[EXERCISE MATERIAL]

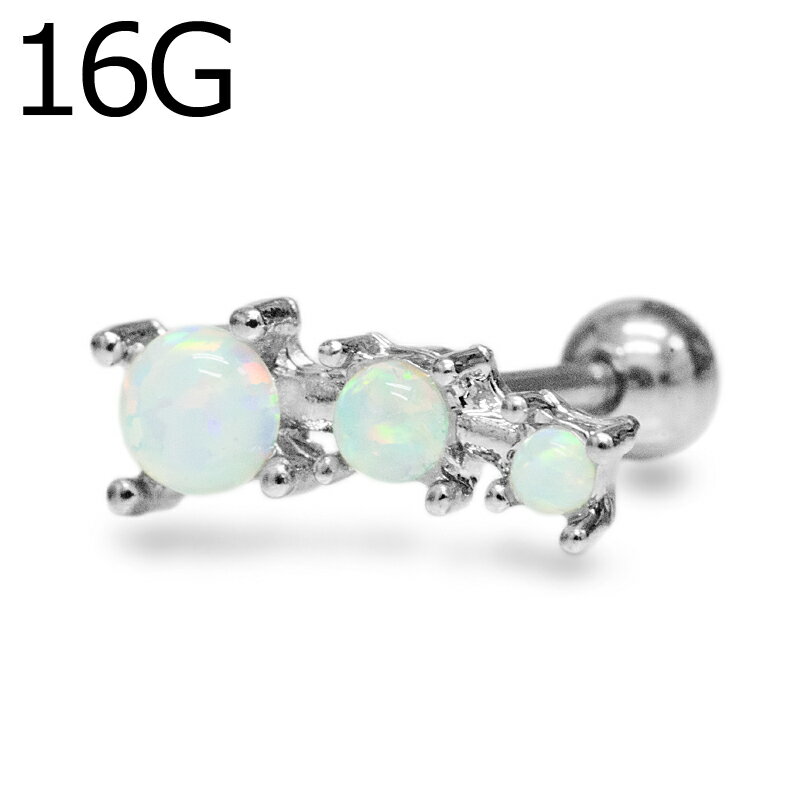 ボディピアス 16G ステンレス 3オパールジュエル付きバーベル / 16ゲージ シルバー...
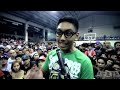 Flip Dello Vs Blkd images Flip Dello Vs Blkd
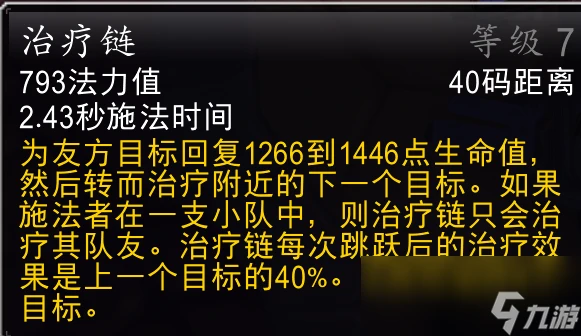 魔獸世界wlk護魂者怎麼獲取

[/EXERCISE MATERIAL]
[EXERCISE MATERIAL]

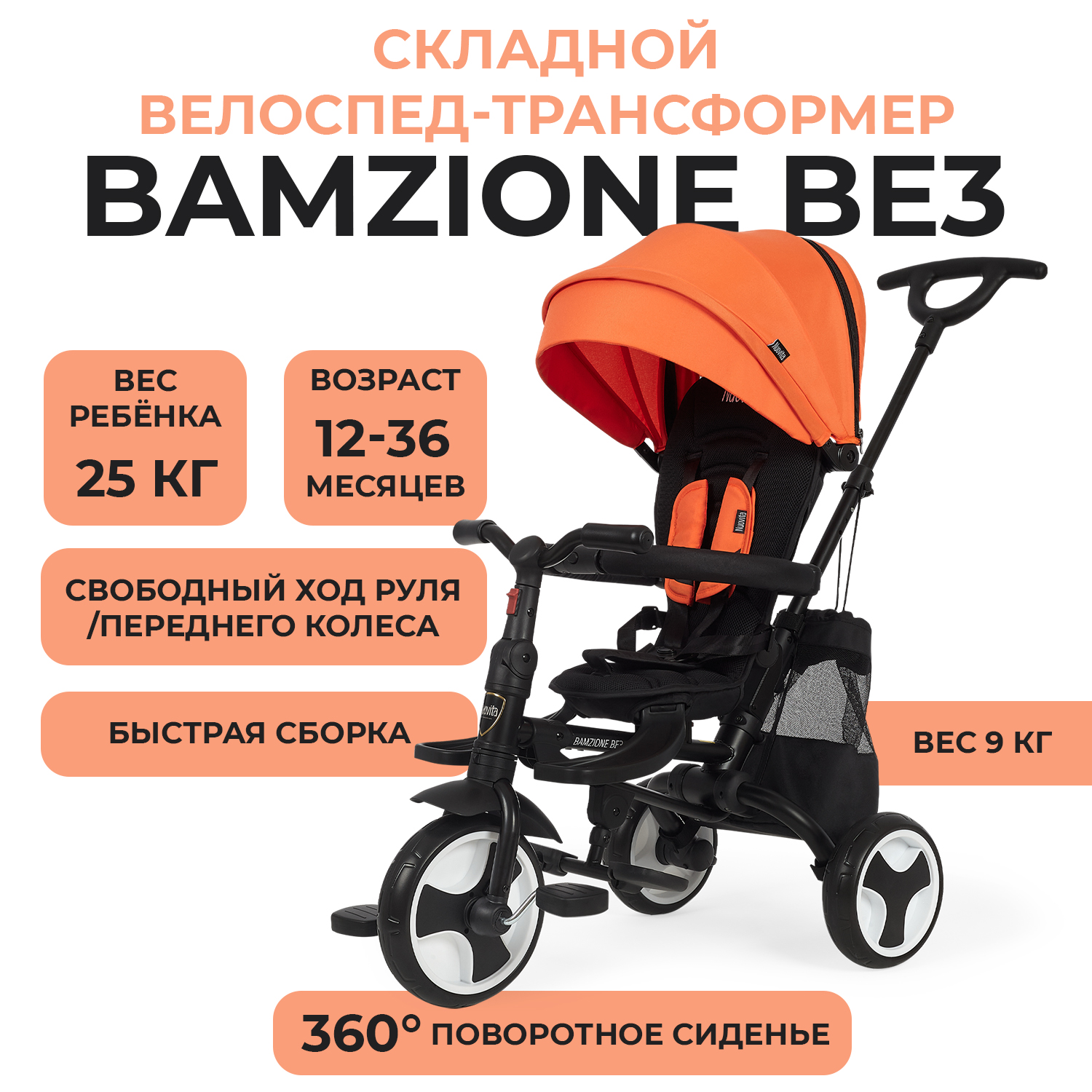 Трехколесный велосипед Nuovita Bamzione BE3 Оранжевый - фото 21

[/EXERCISE MATERIAL]

• [PROBLEM TO SOLVE] Among the entries above, find the line with "Flip Dello Vs Blkd images Flip Dello Vs Blkd" and repeat exactly from there through the line with "魔獸世界wlk護魂者怎麼獲取", leaving out the pictures.

• [EXERCISE SOLUTION]
 Flip Dello Vs Blkd images Flip Dello Vs Blkd
 魔獸世界wlk護魂者怎麼獲取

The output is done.